But nothing was a revolutionary as what took place on a hot, humid July weekend in a little Methodist church in upstate New York. Sixty eight women and thirty-two men dared to proclaim, “We hold these rights self-evident, that all men and women are created equal.”

In a Declaration of Sentiments modeled after the Declaration of Independence, these revolutionaries dared to defend a woman’s right to become an ordained minister and to get a higher education. Claiming that man has made woman, if married, “in the eye of the law, civilly dead,” they insisted on a married woman’s right to own property and keep her own salary. They even insisted on a divorced woman’s right to custody of her children.

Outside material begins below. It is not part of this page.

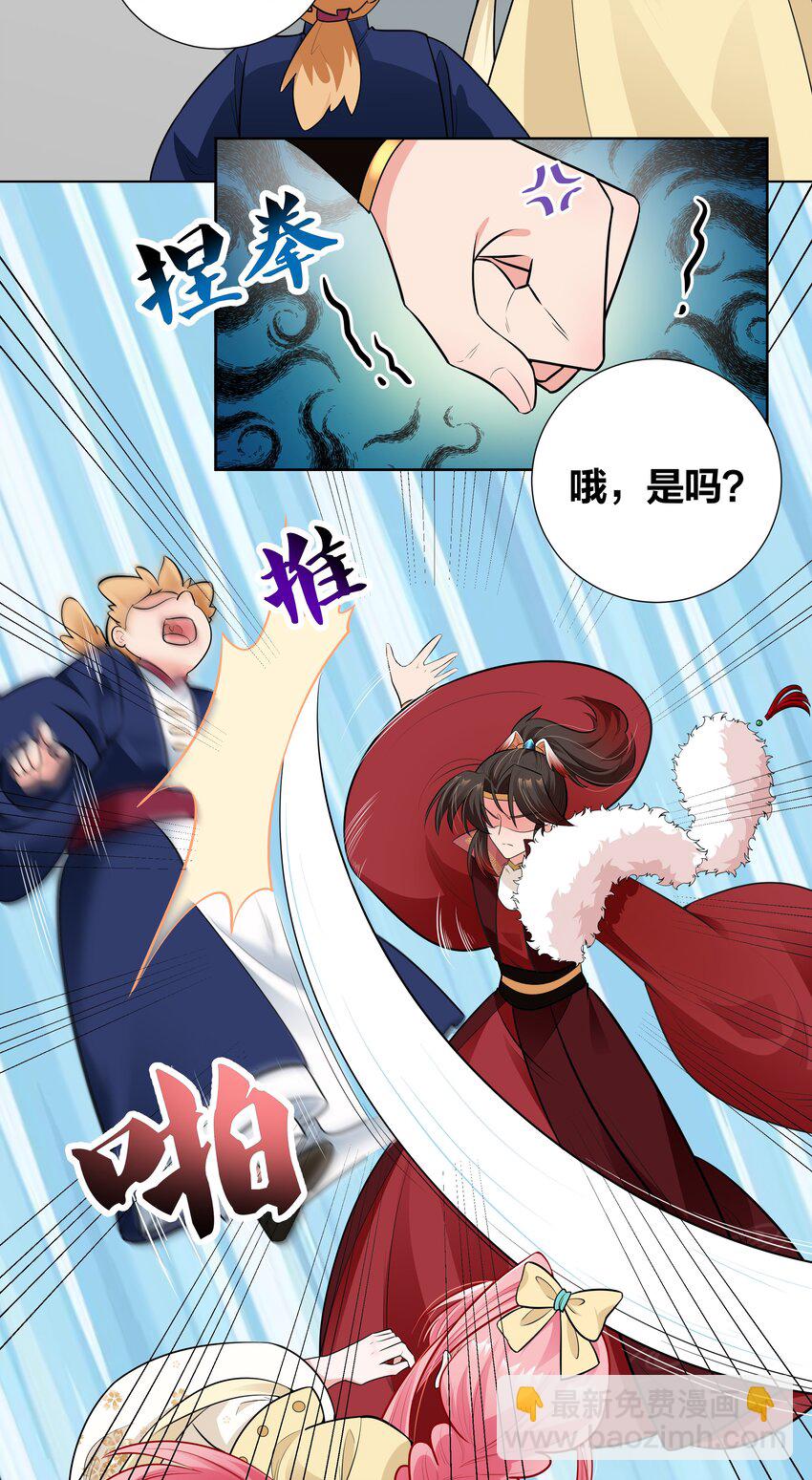 007 遭遇纨绔三人组-第7话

And after much acrimonious debate led by the brilliant Elizabeth Cady Stanton and supported by the great abolitionist, Frederick Douglass, they reluctantly agreed that women have a right to vote.

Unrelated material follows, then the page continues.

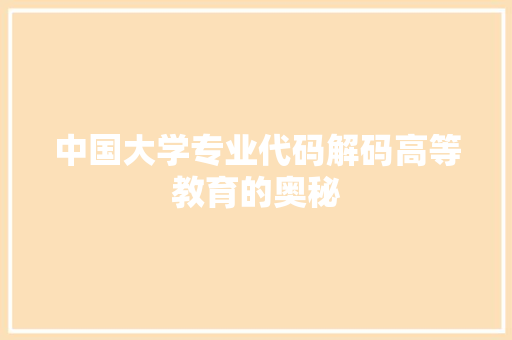 中国大学专业代码解码高等教育的奥秘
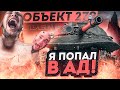 СЕГОДНЯ МЫ ОТПРАВЛЯЕМСЯ В АД! - САМЫЕ СЛОЖНЫЕ 100% ОТМЕТКИ В World of Tanks! - Объект 279(p)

The Seneca Falls Conference was not the first women’s rights conference in the world, but there was a determination to make sure that this time, it would not be a flicker in the pan. As Elizabeth Cady Stanton wrote in the Declaration of Sentiments, “we shall use every instrumentality within our power to effect our object. We shall employ agents, circulate tracts, petition the state and national legislatures, and endeavor to enlist the pulpit and the press in our behalf. We hope this Convention will be followed by a series of conventions embracing every part of the country.”

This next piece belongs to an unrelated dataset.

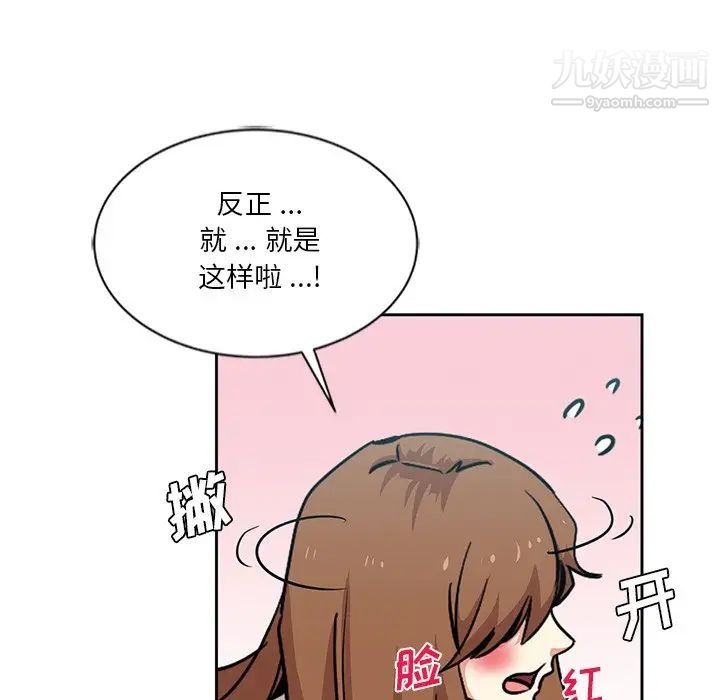 《危险纯友谊》漫画最新章节第14话免费下拉式在线观看章节第【6】张图片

In a culture that says it believes in women’s equality and respects the women and men who sacrificed so much so that we could claim our rights, you’d think that a commemoration of this watershed event in world history would be on the front page of all our newspapers and feminist blogs. But the truth is that on July 19 and 20 this year, we saw almost nothing. CNN said nothing about Seneca Falls. The New York Times said nothing. The Nation, a progressive journal, said nothing. Ms Magazine Online said nothing. The National Women’s History Museum never emailed a tribute to its subscribers. A Google search returned links about a celebration at National Women’s Rights Historical Park, a short tribute in Congress, an article in Feminist Majority Online and some blog posts. But that offering was paltry for such a major event and no, there wasn’t a Google doodle.

It’s tempting to ponder why the culture ignores Seneca Falls. It is also compelling to have one more discourse about women’s reluctance to “lean in”, even if they are feminists, and men’s disdain for the feminist movement. But instead of having another tiresome discussion, let’s take a cue from Elizabeth Cady Stanton, Lucretia Mott and the signers of the Declaration of Sentiments and do something.

The media is not going to respect Seneca Falls until we make them do it. And yes, we have to insist that all feminist organizations pay homage to the Seneca Falls conference every single year. It means that as individuals, we send emails, write tweets and that we write to proposals@google.com and request a Google Doodle on July 19 or 20, 2015 and every year thereafter.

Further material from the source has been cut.